As we saw in Section 2, data papers provide other functions than just describing data sets. For this reason, data papers do not just improve the referencing of datasets on repositories but fulfil other roles. Their profile can perhaps be described in terms of library science, as an original integration (or merging) of writing, cataloguing and indexing, facing major challenges like standards and terminology. Perhaps data papers are a kind of new boundary object (Star and Griesemer 1989) on the frontline between academic publishing and data driven research. Our analysis confirms the statement that data papers are like traditional research papers in some respects but quite different in other respects (Smith 2011). Perhaps data papers are not (only) part of academic publishing but should (also) be considered and assessed as part of an relatively independent research data practice.

[top of entry]

5.3 Structure and contents

As already said, it is generally assumed that data papers are short texts, up to four pages. In fact, this is only partly true. In the survey from Schöpfel et al. (2019), only five journals require short papers, limited to four to six pages or maximal 3,000 words. Most journals do not limit the length of submitted papers or make the usual recommendations (six to ten pages, or maximal 6,000 words). One journal only accepts short abstracts while others publish papers well beyond the length of regular papers, up to twenty or thirty or even 100 pages, including detailed data descriptions, illustrations (figures) or data tables.

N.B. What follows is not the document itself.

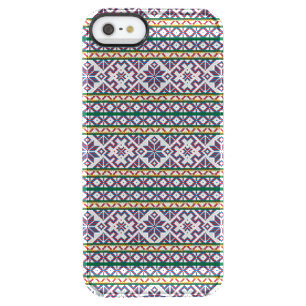 Tribal Multicolored ancient symbol folk art design Clear iPhone SE/5/5s Case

No results, no discussion, no conclusion: usually the data journal guidelines for authors contain these or similar recommendations; others, however, leave it to the authors whether or not to include results, discussion, and conclusion to the description of the data.

Nearly all journals require or suggest a particular structure, and some of them provide a template with mandatory sections. Yet, there is no standard structure. Instead of a generally accepted succession of sections, data papers are made of three constitutive elements, i.e. an introduction with information about the context and the rationale, a more or less detailed description of the datasets with specifications (sometimes formalized as disciplinary or generic metadata of data, such as the DataCite Metadata Schema [24] or the Data Documentation Initiative (DDI) [25], and a section of materials and methods, instrumentation, on the production of the data and procedures, sometimes extended to experimental designs and calculation (figure 2).

Fig. 2: Sections of a data paper — Figure 2: Sections of a data paper

The figure presents a core structure with three central sections (in blue), with other, optional or peripheral sections, some of them similar to regular papers (in italics), others characteristic for data papers, such as:

Value and validation: information about the (potential or real) value of the datasets and the quality control (validation), like peer review, automatic procedures (technical validation) etc.
Potential reuse: information about potential usage, about reuse and the potential interest for scientists or other users.
Access and availability: information about the address of datasets (repository, URL) and the availability, including access and reuse rights and limitations; this part may include implementation details, about the availability of source code and requirements, and about the availability of supporting data and materials.
Information about access and availability may also be part of the appendices, like acknowledgements, references, competing interests, author roles and information, rights and permissions, or even peer review comments.
Some data journals allow or invite sections about results of data analysis, together with a discussion of these results and an outlook on further research, very similar to the usual structure of scientific articles and blurring the frontiers between both types of papers.

[top of entry]

5.4 Metadata

Metadata are constitutive for data papers. Two types of metadata must be distinguished regarding data papers, i.e. metadata of the described datasets, and metadata of the data papers themselves.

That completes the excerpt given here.